Sekte Druze adalah komunitas keagamaan dengan aliran kebatinan Qaramithah. Mereka berpegang pada konsep Taqiyyah dan merahasiakan diri dari orang lain yang bukan dari kelompok mereka. Sekte ini muncul dari Islam dan dipengaruhi oleh agama-agama dan filsafat-filsafat lain, termasuk filsafat Yunani. Di Suriah, anggota sekte ini cuma 3% dari populasi penduduk dan jadi minoritas.
Pada 25 Juli lalu, militan ISIS melakukan penculikan sekitar 30 warga Druze di Desa Shabiki, Provinsi As-Suwayda di Suriah Selatan. Penculikan dilakukan ISIS setelah rangkaian aksi teror mereka dengan serangan bom bunuh diri, penembakan dan penusukan di As-Suwayda.
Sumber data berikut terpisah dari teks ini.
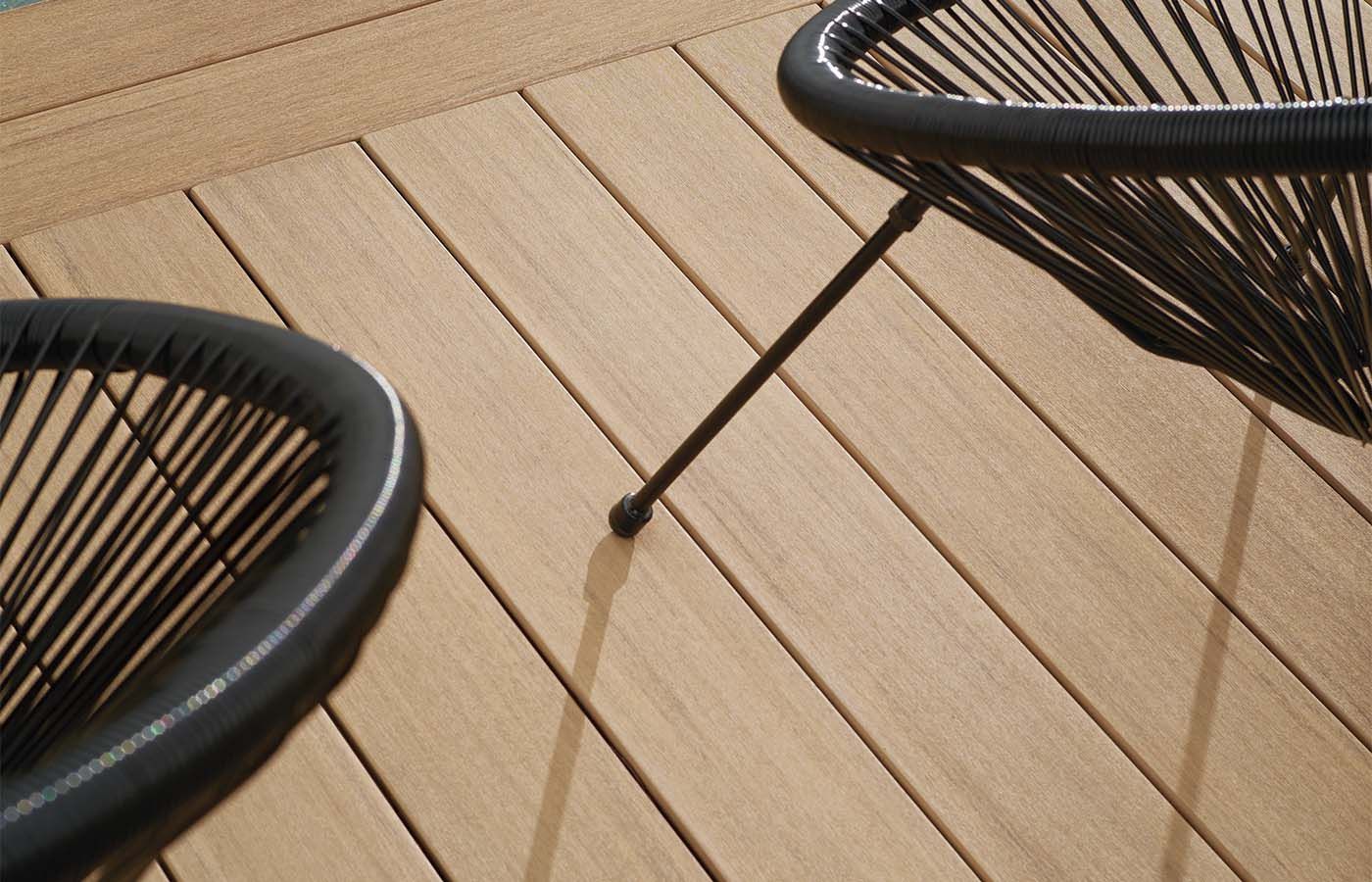 Two black wire chairs on a light brown wooden deck.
Sepekan setelah penculikan yakni pada 2 Agustus, ISIS mengekspos kekejian mereka dengan menyebar video pemenggalan seorang pemuda Druze yang menjadi sandera.
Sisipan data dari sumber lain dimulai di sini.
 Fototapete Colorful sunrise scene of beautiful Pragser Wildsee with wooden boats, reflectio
“Itulah taktik terbaru ISIS untuk mengembalikan pengaruh dan pamor kejayaannya. Di satu pihak, mereka secara terbuka mengaku membunuh orang. Tapi di balik layar mereka melakukan penyanderaan dan punya opsi melakukan pertukaran sandera,” jelas pengamat dari The Tahrir Institute for Middle East Policy (TIMEP) yang berbasis di Washington, Hassan Hassan kepada AFP, Rabu (8/8).
“Seluruh aksi tersebut adalah upaya mereka untuk menghidupkan lagi sel-sel ISIS. Upaya mengumpulkan lagi sumber daya, dan mengisi kembali posisi-posisi kepemimpinan yang kosong dengan orang yang pernah diculik atau dipenjara,” tambahnya.
Taktik menculik warga Druze, kata Hassan, adalah taktik serupa yang dipakai ISIS saat menculik 220 warga Yazidis di Irak dan Suriah timur laut pada 2015. “Ketika itu mereka berhasil melakukan pertukaran sandera dengan tebusan uang jumlah besar. Kini hal serupa coba dilakukan terhadap sandera warga Druze,” jelasnya.
Dikatakan Hassan, saat ini tengah berlangsung perundingan antara ISIS dengan pemerintah Suriah yang berkoordinasi dengan Rusia. Perundingan terkait nasib warga Druze yang diculik dan disandera, di mana separuhnya adalah perempuan.
“Soalnya para pemimpin Druze terus berusaha mempertahankan kesepakatan kesetiaan dengan pemerintah Suriah. Sebagai imbalan kesetiaan mereka, pria Druze dibebaskan dari wajib militer atau tidak dikirim berperang di lokasi yang jauh dari rumah mereka,” beber Hassan.
“Dan ISIS coba merusak hubungan itu dengan tujuan menciptakan pemberontakan agar mereka melawan rezim yang berkuasa.”
“Mereka coba menciptakan situasi anarkis, kemudian muncul perlawanan, dan pada akhirnya bisa kembali berkuasa saat terjadi kekacauan,” pungkas Hassan.